銀河のラピスラズリ(5)
「……ルト。これは一体、どういう事だ⁉︎ あろう事か、部外者に協力を仰ぐなんて、恥を知れッ!」
「し、しかし、モラム様! 今回ばかりは、そうは言ってられません! 相手はあの怪盗・グリードですよ⁉︎ 我らの手に負える相手では、とても……!」
「うるさいッ、この大馬鹿者が! 大体、その怪盗を今まで散々取り逃してきた警察如きが今更、なんの役に立つ⁉︎ いいから、足手纏いにはお引き取りいただけ! 今回も我らだけでクシャマ様をお守りするぞ!」
予告状が持ち込まれてから、3日後。依頼主のルトに連れられて、リーシャ真教総本山・アッティヤ寺院にようやく辿り着くものの……何やら、教団の中では方針が固まっていなかったらしい。ホルムズとモーリスが長旅の末に目にしたのは、一方的に大勢の僧達にやり込められる、ルトの姿だった。
「と、とにかく……警察の皆様にもご協力いただいた方が私はいいと思います! 特に……クシャマ様は今、加持の祈祷中ではないですか! 少しでも、不安を軽くして差し上げたほうが……」
「お前はワシの言うことが聞けんのかッ⁉︎ いくらクシャマ様の弟とは言え、これ以上出しゃばった真似は許さんぞ⁉︎」
一団の中でもおそらく、僧階が高いのだろう。モラムと呼ばれた一際豪奢な袈裟を纏った僧の一喝に……とうとう何かを諦めたように、ルトがため息をついてモーリス達の元に逃げ帰ってくる。

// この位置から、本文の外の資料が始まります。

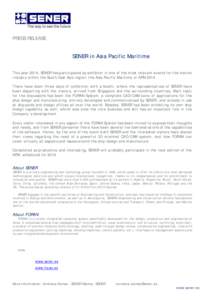 PRESS RELEASE  SENER in Asia Pacific Maritime This year 2014, SENER has participated as exhibitor in one of the most relevant events for the marine industry within the South East Asia region: the Asia Pacific Maritime or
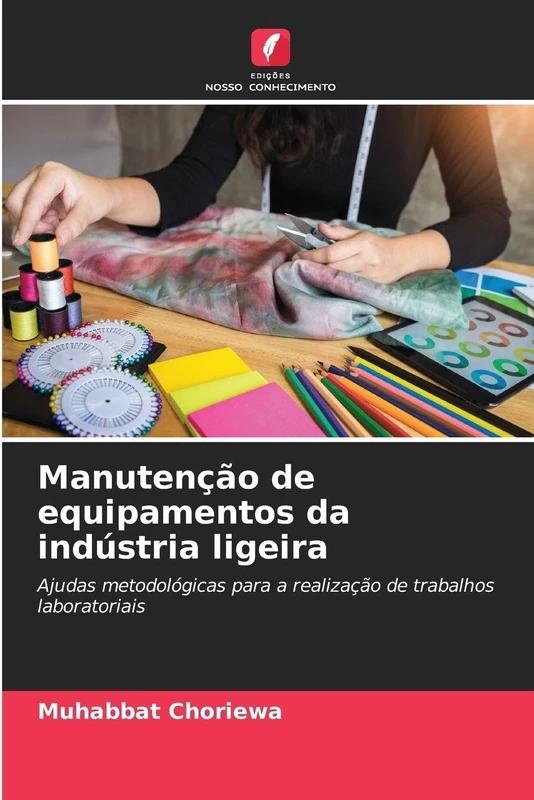 Manutenção de equipamentos da indústria ligeira: Ajudas metodológicas para a realização de trabalhos laboratoriais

「……申し訳ございません。私が話を通していなかったばっかりに、不愉快な思いをさせてしまいまして……」
「い、いいえ……それは構わないのですが。しかし、今回のグリードの狙いは“銀河のラピスラズリ”……決して、人攫いではありませんよ?」
「えぇ、そうでしたね。実は少々……深い事情がありまして。……そうだ。折角ですから、お茶をご用意いたしましょう。長旅でお疲れのお体を休めるついでに……私の独り言を、聞いては頂けないでしょうか……」
そうして力なく応接間に案内する道すがら、余程の悩みがあるらしいルトが尚も彼らを引き留めにかかる。そんないかにも訳ありな様子に……互いに頷く、ホルムズとモーリス。どうやら、この教団はお宝以外にも、余程の事情を隠し持っているようだ。

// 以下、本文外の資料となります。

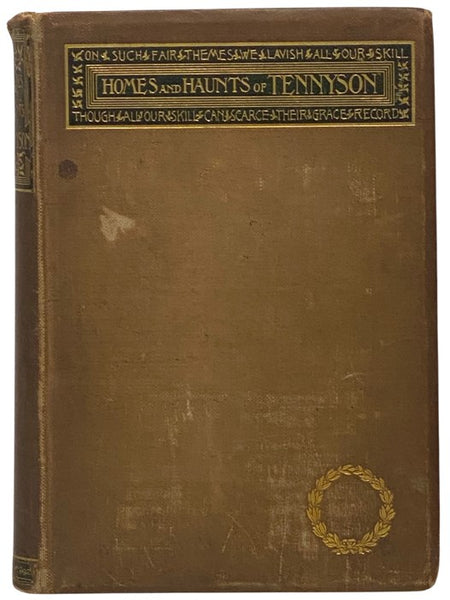 The Homes and Haunts of Alfred Lord Tennyson, Poet Laureate.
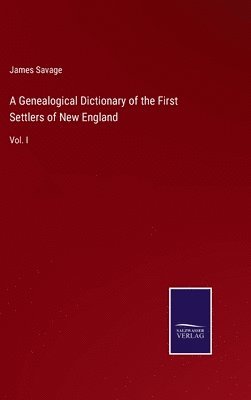 bokomslag A Genealogical Dictionary of the First Settlers of New England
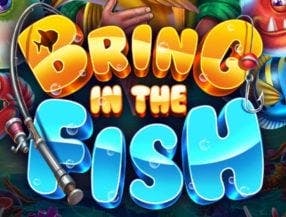 Bring In The Fish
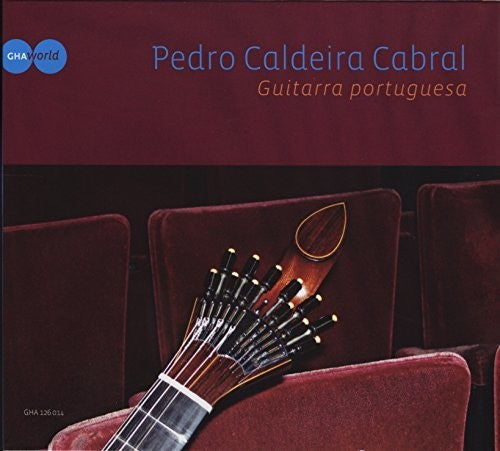 Pedro Caldeira Cabral - Guitarra Portuguesa [CD]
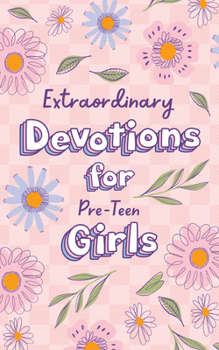 Extraordinary Devotions for Pre-Teen Girls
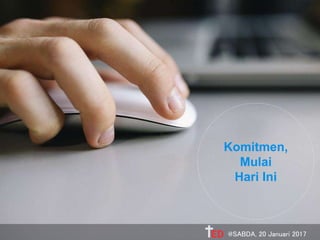 Komitmen,
Mulai
Hari Ini
@SABDA, 20 Januari 2017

「……お茶をご準備しますね。ここは山の裾とは言え、少々寒い。まずはお体を温めてください」
ルトの前に鎮座するのは、何やら窪みの真ん中が凸状になった奇妙な盆。そんな盆の中央に乗せられた茶器に、いそいそとお茶を用意し始めるルトだが、お茶の点前には一種のお作法があるらしい。ルトは手慣れた様子で、注がれたばかりのお茶を事もなげに手前の深鉢に流し込み……数回に渡って複数の茶器に注ぎ直し始める。そうして何やら細長い筒状の茶器の香りを振りまいた後に、茶碗の方をいよいよ2人に差し出すが……そうして出されたお茶は、今までに体感した事のない、香ばしさと苦味とを持ち合わせていた。
「こ、これは……?」
「えぇ、これはルーオン茶……オリエント原産のお茶です。餅茶と呼ばれる圧縮された状態で保管されていますので、お茶をほぐすのに少々コツがいるんです。淹れるのに手間がかかりますが……薬効も非常に高いため、我々には日常的にこのお茶を嗜む習慣があるのです」
そこまで説明して、お茶の香りに自身も多少リラックスしたのだろう。ようやく僅かばかりの笑顔を見せると、人目を憚るように小声で事と次第を説明し始めるルト。彼の切々とした語り口調は穏やかな表情とは裏腹に、どこか草臥れてしまった雰囲気の……確かな焦燥を帯びていた。